You need to be aware that not all Diastatic Malt Powder (DMP) is the same - they have various degrees of diastatic power. Most pizza dough recipes I'm familiar with call for low diastatic malt power (ldmp). So just know that you can't substitute one for another 1:1, you might have to make some adjustments of rates and or fermentation times. 

I use LDMP from AB Mauri, which adds a nice flavor and good browning for long ferments. For pizza and bagel dough, I use 1% (bakers percentage).


----------



## bregent (Mar 19, 2019)

I had the Camp Chef 90 pizza oven for several years. It worked great on my Weber E-330. I often removed the flavorizer to get it up to temp faster.  I only got rid of it because it was too small for my needs, but it made great pizza


----------



## johnmeyer (Mar 19, 2019)

bregent said:


> I had the Camp Chef 90 pizza oven for several years. It worked great on my Weber E-330. I often removed the flavorizer to get it up to temp faster.  I only got rid of it because it was too small for my needs, but it made great pizza


Wow, that is great-looking pizza!

I thought about removing the flavorizer bars, but I'm not sure it would speed things up that much. I guess I should try, just so I know for sure. There isn't any dripping from the pizza oven, so I shouldn't have to worry about exposing the burners (the flavorizer bars not only vaporize drippings, but also protect the burners from those drips).


bregent said:


> You need to be aware that not all Diastatic Malt Powder (DMP) is the same - they have various degrees of diastatic power. Most pizza dough recipes I'm familiar with call for low diastatic malt power (ldmp). So just know that you can't substitute one for another 1:1, you might have to make some adjustments of rates and or fermentation times.
> 
> I use LDMP from AB Mauri, which adds a nice flavor and good browning for long ferments. For pizza and bagel dough, I use 1% (bakers percentage).

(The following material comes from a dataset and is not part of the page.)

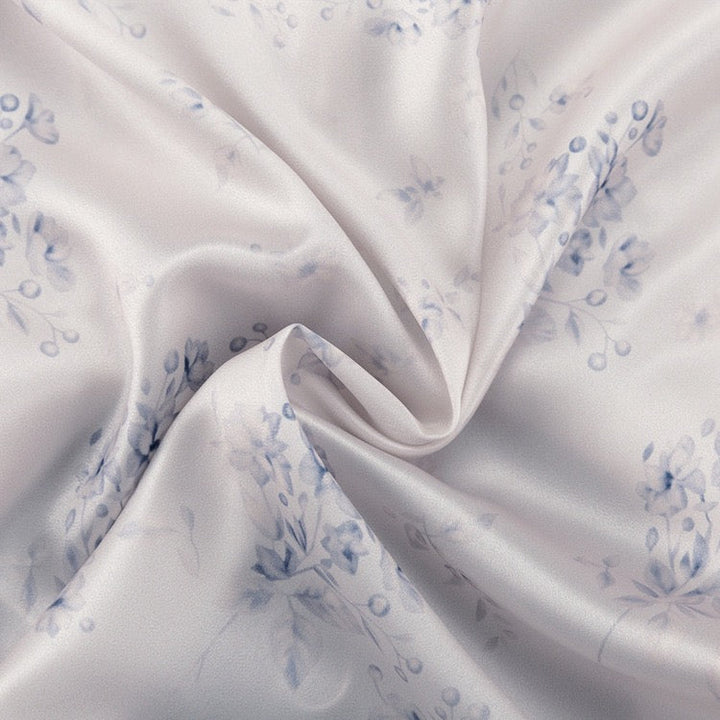 Floral satin maxi dress – Milia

I don't know if the malt powder that just arrived is "low diastatic." However, it is one of the brands specifically recommended in the wonderful "Pizza Bible" recipe book I keep quoting, and the amounts given in the author's recipes assume you are using one of the brands he lists.

My malt is from Hoosier Hills Farms, and there is no "low" statement anywhere on the label. It is a huge amount (I couldn't find anything smaller), so I've put most of it in glass jars, vacuum sealed, with an Oxy-Sorb packet added to remove every last trace of oxygen (a really cool trick I picked up from survivalist sites). So, it should last for many, many years.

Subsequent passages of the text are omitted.